Вскоре немцы бежали с перевалов, бросая все на ходу. Обмороженные, деморализованные, они хотели как можно быстрее догнать и присоединиться к своим отступавшим частям, а следом мы ступили на равнинный простор и двинулись пешком через Апшерон, Краснодар на Туапсе. Круг такой были вынуждены дать потому, что немцы перед отходом все туннели в горах заминировали…
– Федор Владимирович, но ведь до Джегуты было рукой подать… Неужели нельзя было отпроситься на денек – другой, чтобы повидаться с отцом и матерью?
– А куда было ехать?

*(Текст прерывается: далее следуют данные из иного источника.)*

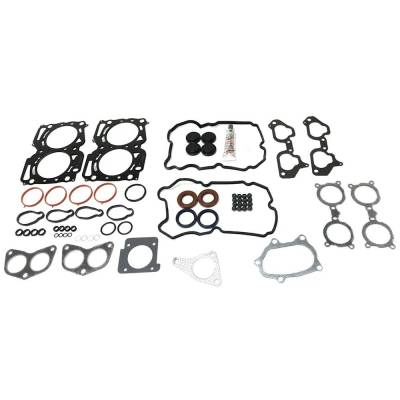 Rareelectrical - New Multi-Layered Steel Cylinder Head Gasket Compatible With Saab Subaru 9-2X Aero 4 Cyl 2.5L - Image 5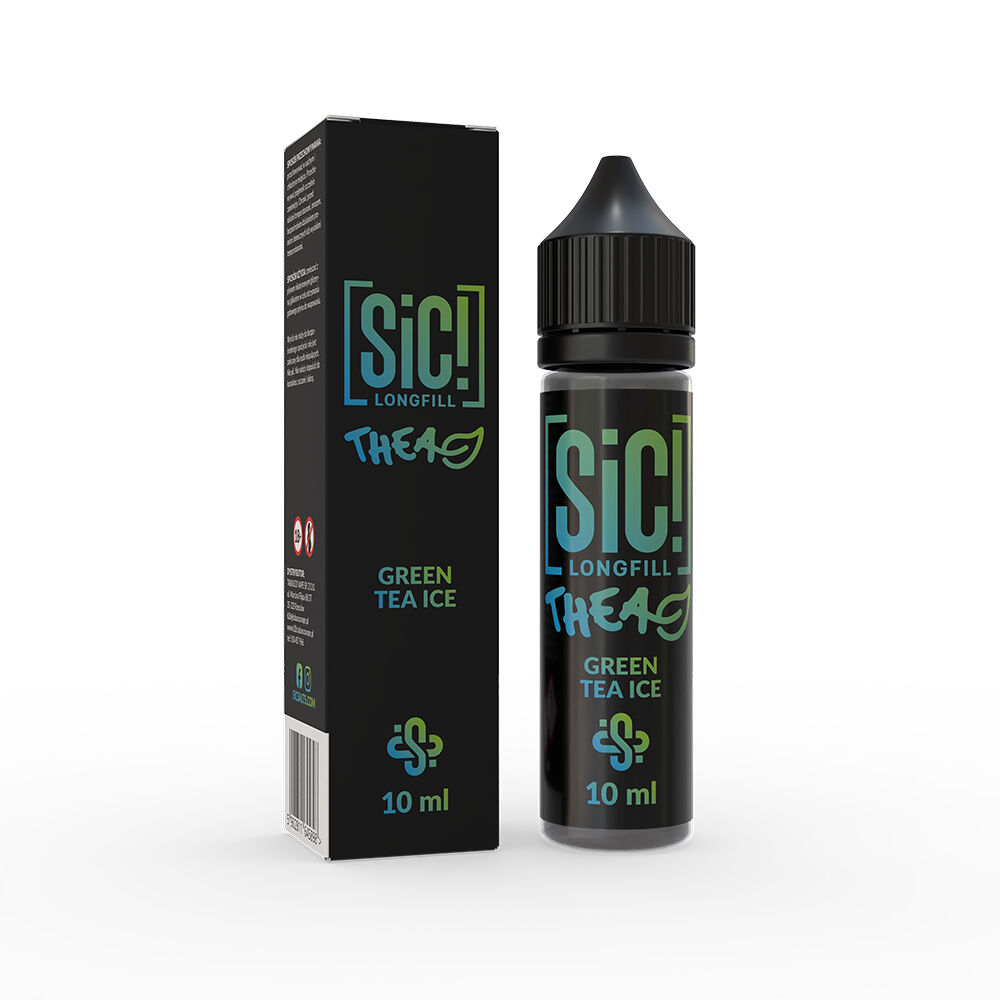 SIC Aroma - Green Tea Ice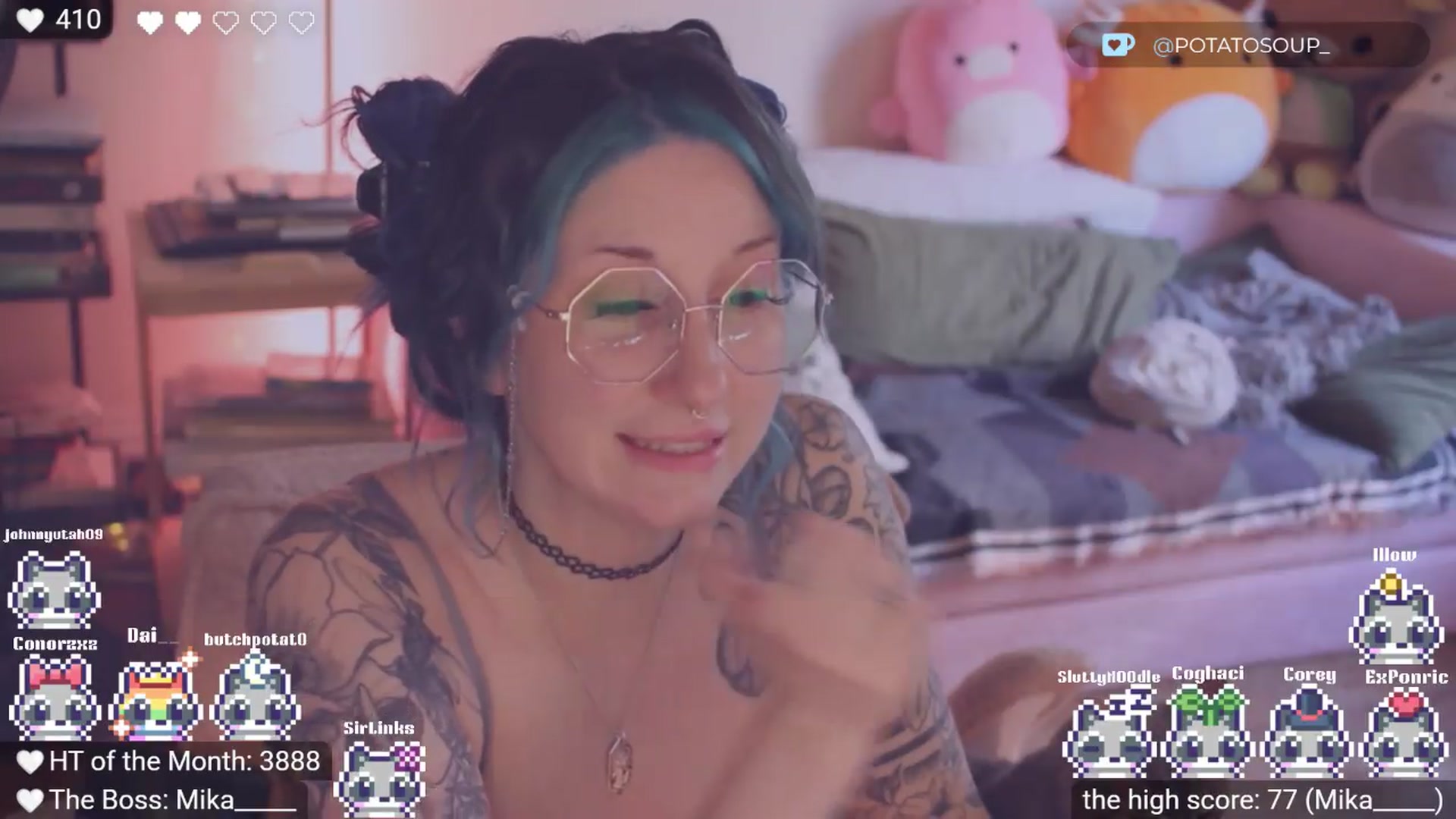 Gallery image thumbnail from actually_ashe's myfreecams stream on, 08/19/2026, 23:44 image 8 of 20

В августе 1942 года немцы оккупировали Джегуту. Задержаться в наших краях им не дали, но мне от этого легче не стало. Я не смог бы навестить родных при всем желании, потому как в боях за один из городков Краснодарского края был тяжело контужен и отправлен в госпиталь..

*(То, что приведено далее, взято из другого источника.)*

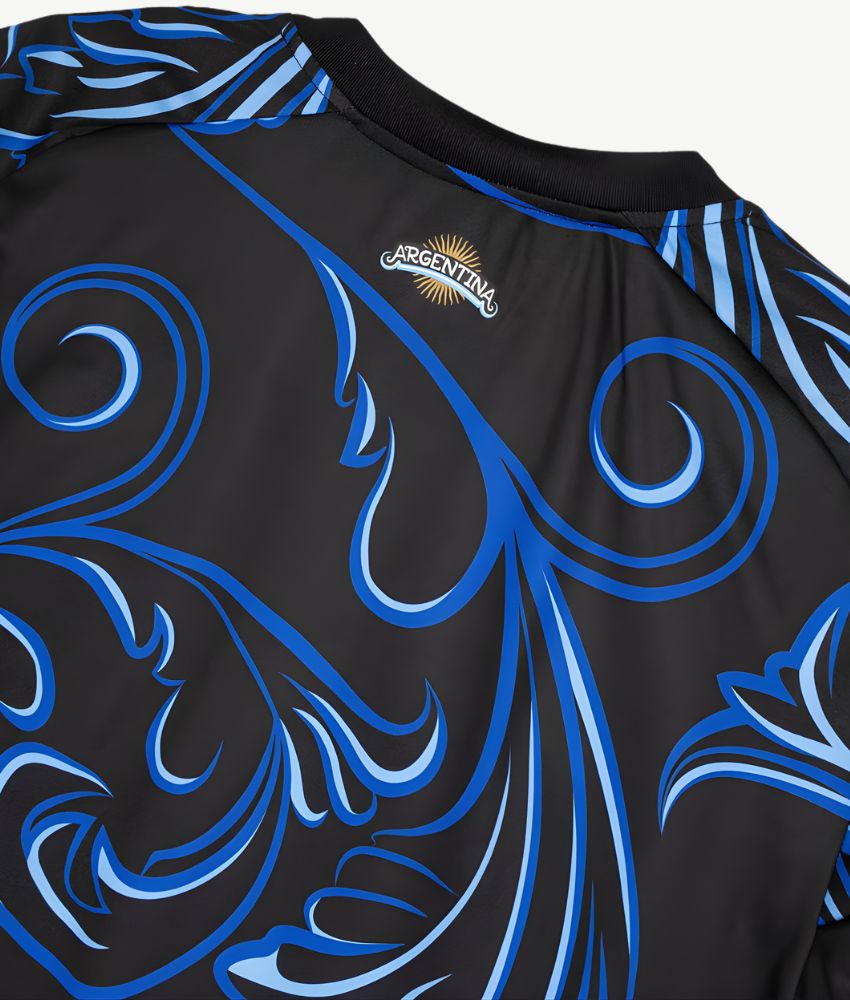Argentina 2026 World Cup Away Jersey – Fan Version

Выписавшись из госпиталя, Федор вновь отправляется на фронт. Участвует в освобождении Днепропетровска, Кривого Рога, Николаева, в прорыве обороны на западном берегу Дуная, в освобождении г. Галац на Дунае, Белграда в Югославии. Его выцветшая гимнастерка уже не вмещает боевых медалей – «За отвагу», «За оборону Кавказа», За Вену»…
Вена… В Австрии сопротивление немцев было особенно ожесточенным. Почти каждый населенный пункт брали штурмом. Навсегда запомнит Смородин те тяжелые бои за город Винер-Нойштадт и озеро Нойзидлер.
– Поначалу мы долго недоумевали, отчего вдруг немец, драпавший без оглядки, так заерепенился, встал на дыбы, – рассказывает Федор Владимирович, – потом выяснилось, оказывается, ежегодно с конвейера австрийских предприятий сходило и отправлялось на фронт 850 танков, 750 самолетов и полторы тысячи авиабомб. Это известие подстегнуло нас, как никакое другое, и 3 апреля 1945-го Вена была взята.
 В Вене Смородин встретит и День Победы. День этот ожидали все с великим нетерпением, но по мере того, как он приближался, время тянулось все медленнее, а под конец, казалось, и вовсе остановило свой неторопливый бег. Пришел он неожиданно и застиг молодых бойцов если не врасплох, то в легкой растерянности, растворившейся затем в чувстве глубокого непередаваемого восторга…
Потом началась зачистка города. В один из дней взяли штурмом особняк-крепость в пригороде Вены. Пока солдаты ревизировали здание, Федор достал письмо отца, полученное буквально перед штурмом, и отошел в сторонку: «Мамы больше нет, сынок… Не дождалась она тебя… А как ждала тебя, мамушка! До последнего вздоха ждала, до последнего вздоха молилась за тебя…»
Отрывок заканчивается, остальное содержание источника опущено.